→ **Task directions**: A faithful copy of all the data is the goal; omit the pictures.

→ **Data section**:
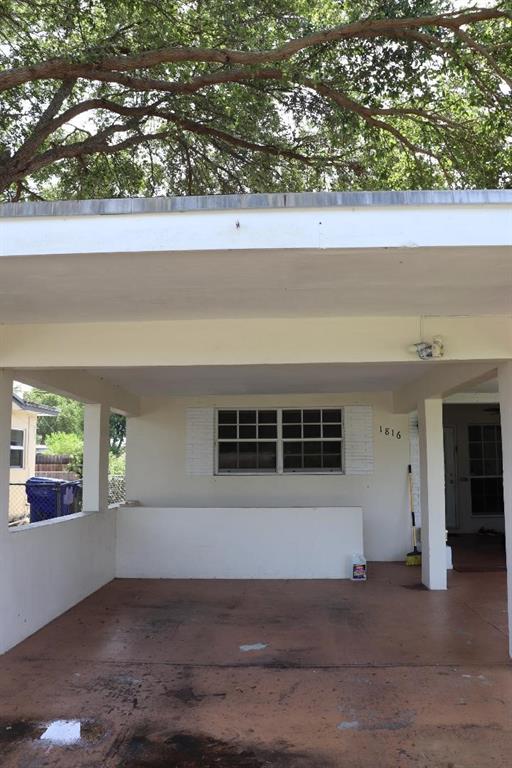 Hollywood Hills 6-22 B - Residential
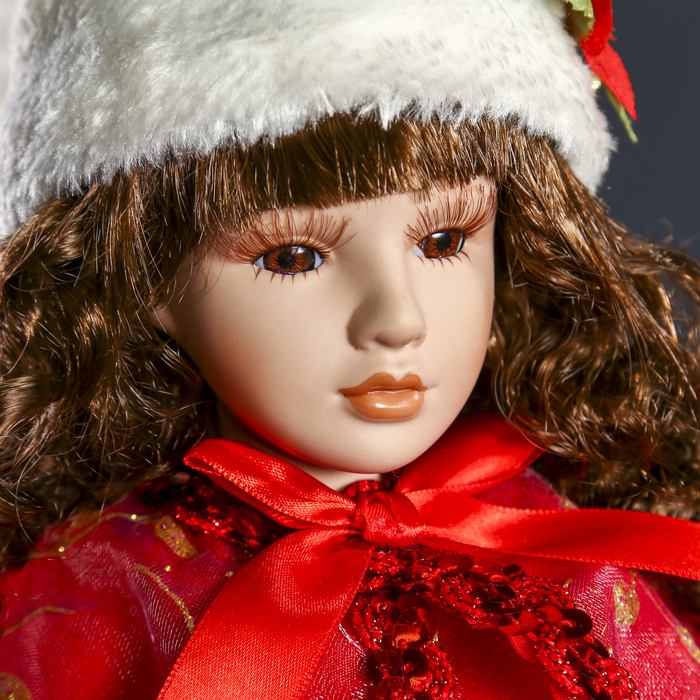 Кукла коллекционная керамика "Принцесса в красном зимнем наряде в белой шапке" 45 см 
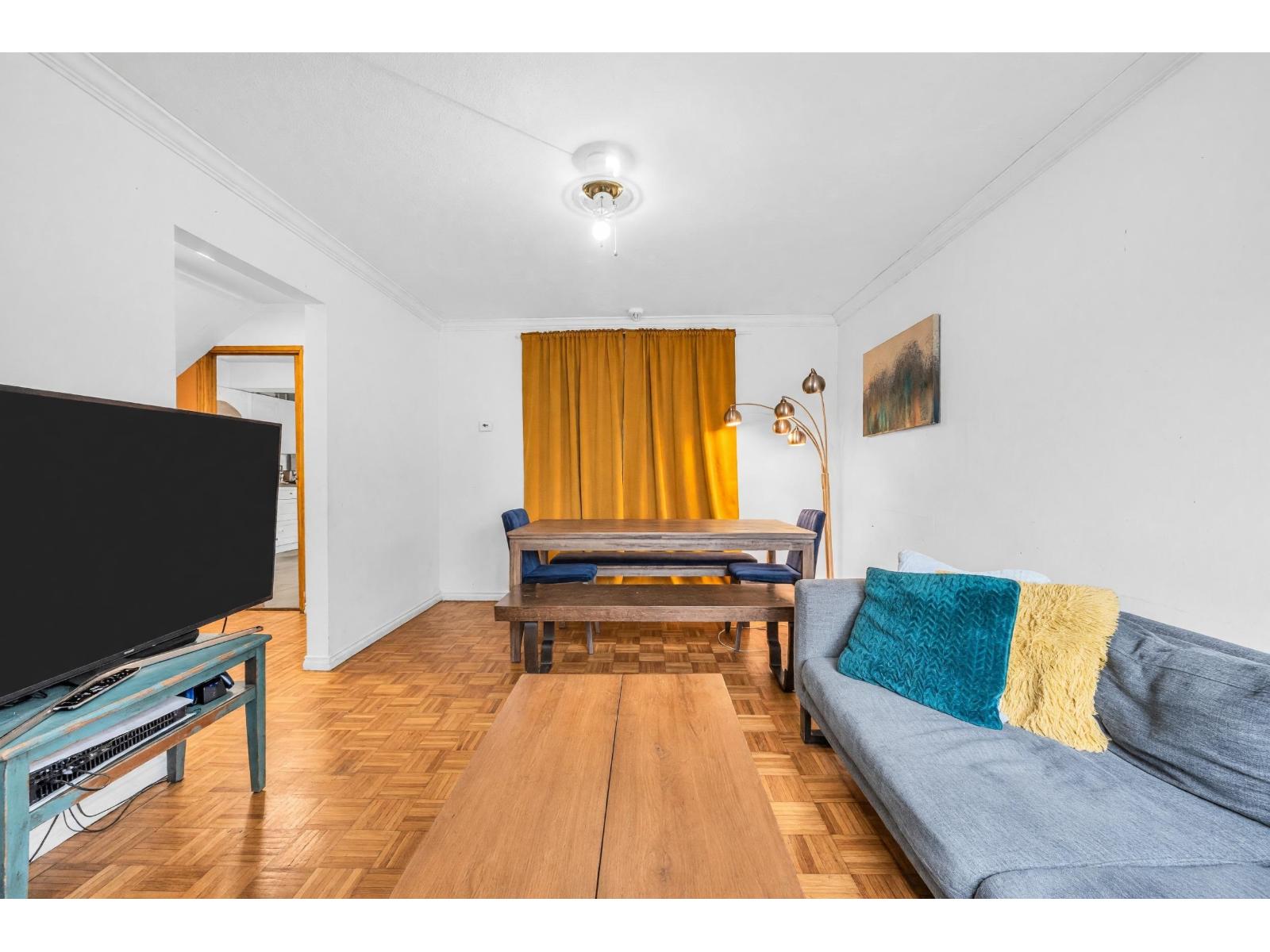 9618 139 Street Property Photo 5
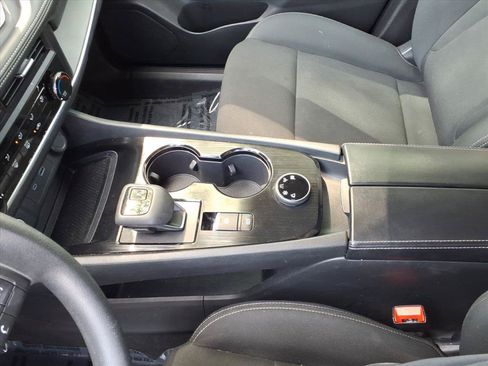 Used 2023 Nissan Rogue S AWD/4WD image 14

→ **Exercise answer**:
 Hollywood Hills 6-22 B - Residential
 Кукла коллекционная керамика "Принцесса в красном зимнем наряде в белой шапке" 45 см 
 9618 139 Street Property Photo 5
 Used 2023 Nissan Rogue S AWD/4WD image 14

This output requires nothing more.